Exercise requirements
Transcribe the listing verbatim, please, with images dropped.

Data
==*==

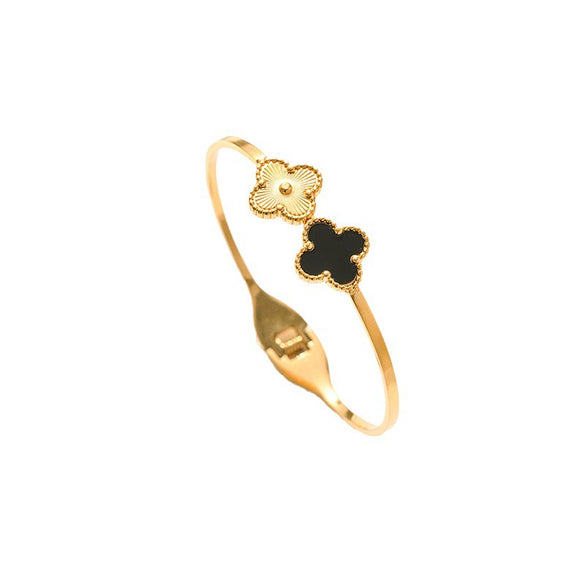 Wholesale Female Fashion Fourleaf Flower Titanium Steel Open Bracelet With Polishing Treatment And Nonfading Feature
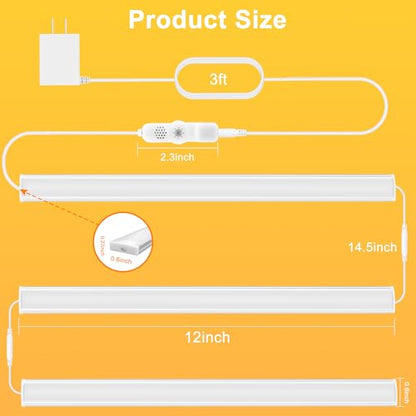 maylit Under Cabinet Lights Plug in, 3 Pcs 12 Inch Ultra Thin Under Cabinet Lighting, Super Bright Warm White Under Counter Lights for Kitchen, Dimmable Light for Cabinet, Counter, Workbench, Desk | Warm White Dimmable Lighting for Kitchen Cabinets, Count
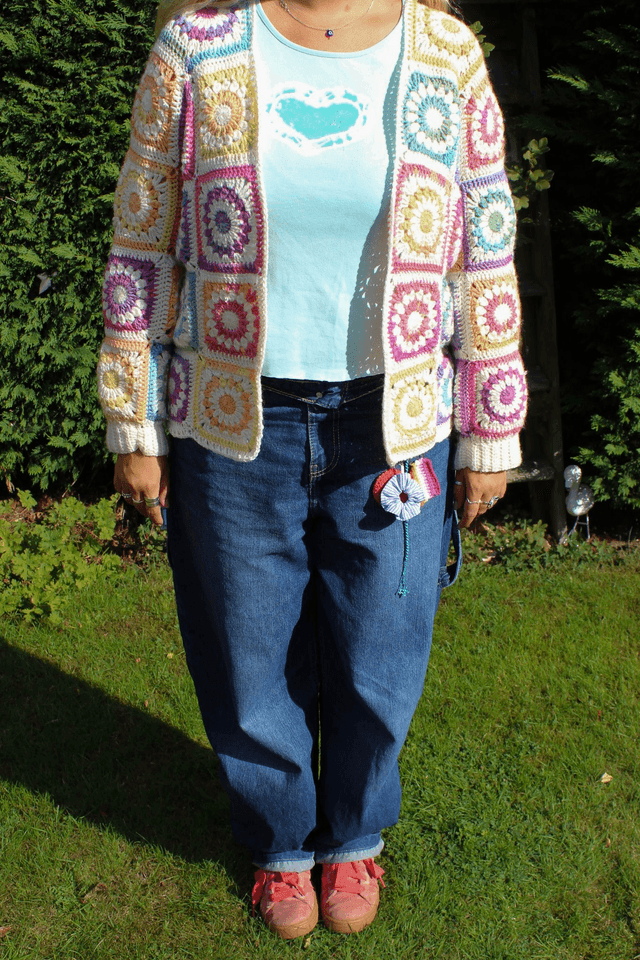 Rainbow and Cream Starburst Granny Square Cardigan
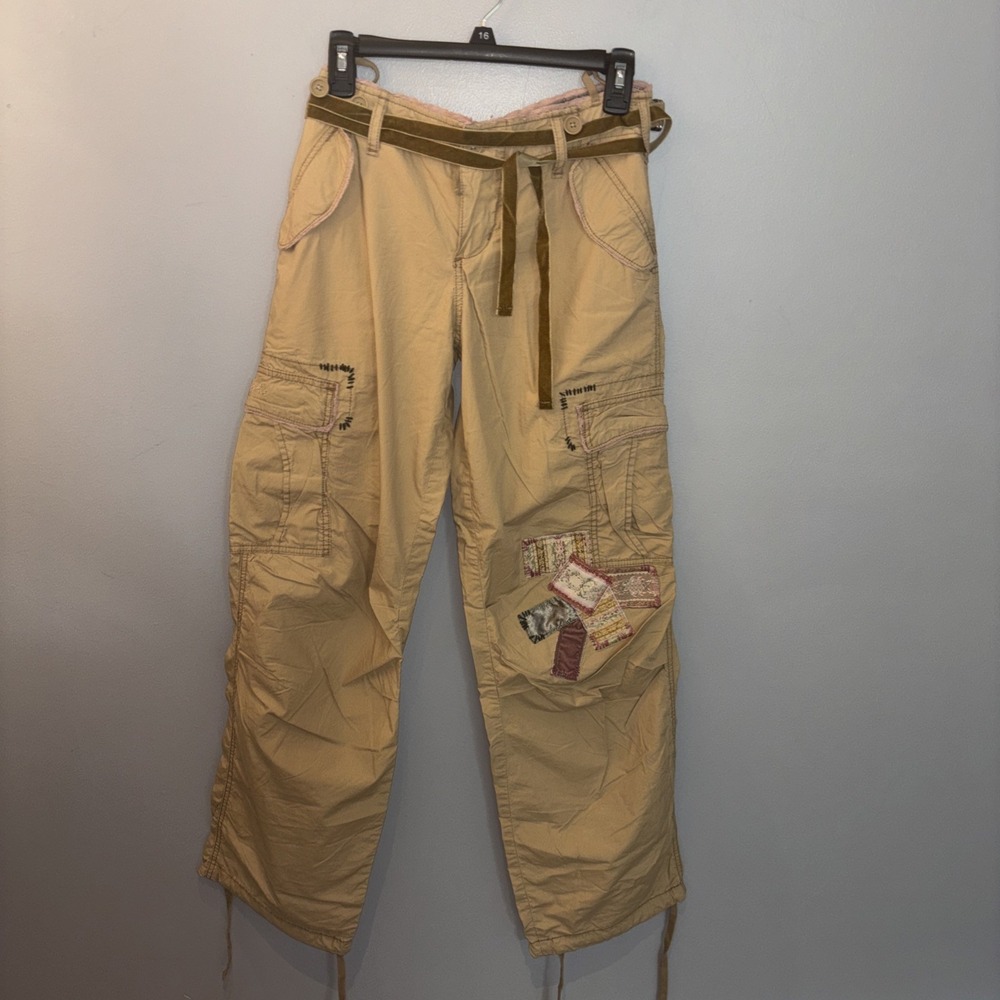 Casual Women's Cargo Pants with Patch Detail - Beige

==*==

Result
 Wholesale Female Fashion Fourleaf Flower Titanium Steel Open Bracelet With Polishing Treatment And Nonfading Feature
 maylit Under Cabinet Lights Plug in, 3 Pcs 12 Inch Ultra Thin Under Cabinet Lighting, Super Bright Warm White Under Counter Lights for Kitchen, Dimmable Light for Cabinet, Counter, Workbench, Desk | Warm White Dimmable Lighting for Kitchen Cabinets, Count
 Rainbow and Cream Starburst Granny Square Cardigan
 Casual Women's Cargo Pants with Patch Detail - Beige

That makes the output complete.